In Alberta, anxiety grows over declining oil prices Add to ...

Alberta’s oil patch and government are watching nervously as the slump in world oil markets threatens the province’s economic boom.

The price of West Texas Intermediate (WTI) crude, a grade used as a benchmark in pricing, fell slightly to $81.78 (U.S) a barrel on Wednesday, extending a recent rout that has taken it down 10 per cent this month alone. Oil prices have tumbled as the demand for crude in major economies has fallen and producing countries have stared each other down, refusing to cut output for fear of losing market share.

For Alberta, the oil plunge is rekindling bitter memories. In the financial crisis of late 2008 and early 2009, skidding oil prices and a credit crunch forced the Canadian industry to cancel or shelve as much as $90-billion (Canadian) worth of energy expansion plans, many in the oil sands. At the time, WTI sank below $40 (U.S.) a barrel.

Suddenly, some high-cost projects in Alberta are again at risk, and sustained weak pricing could hamper the industry’s current forecast for oil sands output to double over the next decade. Any cutbacks will reverberate through the Alberta economy, which has driven economic growth in Canada in recent years.

Energy prices weigh “extremely heavily” on the whole Alberta economy, said Douglas Porter, chief economist at BMO Capital Markets. “Now that we’ve seen oil prices correct so heavily, there is a risk that the damage spreads far beyond just the energy sector,” he said.

A recent study by BMO Nesbitt Burns pegged the average cost of developing an oil-sands mine and operating it profitably at about $90 per barrel, well above the current price of crude. For example, the study said, costs at CNOOC Ltd.’s Long Lake project are well over $100 a barrel, and costs for the Suncor Energy Inc.-Total SA Fort Hills development, now under construction, are above $90.

Investors have already driven down the share prices of oil producers amid growing fears that profit margins will be squeezed and plans delayed or cancelled.

However, many well-established oil projects remain profitable at current or lower prices. The core operations of Suncor and Syncrude Canada Ltd. have costs of less than $50 a barrel. Some steam-driven oil sands projects, such as MEG Energy Corp.’s Christina Lake development and Imperial Oil Ltd.’s Cold Lake venture, have costs under $65, according to the study, giving them breathing room.

Other factors are also working in favour of the energy sector now compared with the financial crisis.
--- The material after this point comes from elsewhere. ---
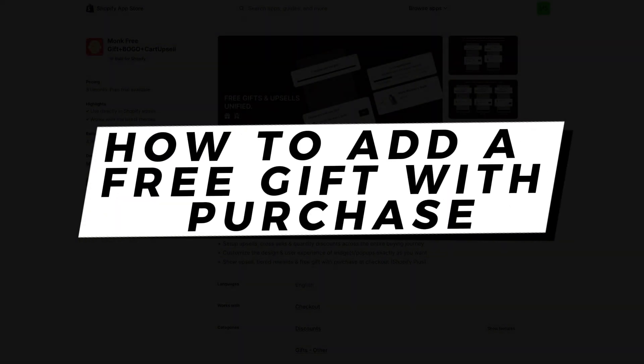Hey guys, in this video I'll show you exactly how to add a free gift with purchase on Shopify, step by step.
Credit remains available, the falling Canadian dollar is cushioning the blow of weaker oil prices, and demand for Alberta’s domestic heavy crude remains strong.

Still, some fear the shaky crude market will erode investor and consumer confidence, and hinder job growth and the real estate market in the province of four million people.

The Progressive Conservative government, under new Premier Jim Prentice, is watching the situation closely, but points out that the province is in a good position to weather the current downturn because its budget assumptions early in the year underestimated oil prices. As recently as August, the government said its operational surplus was on track to hit $3.2-billion (Canadian), up more than half a billion from the March prediction.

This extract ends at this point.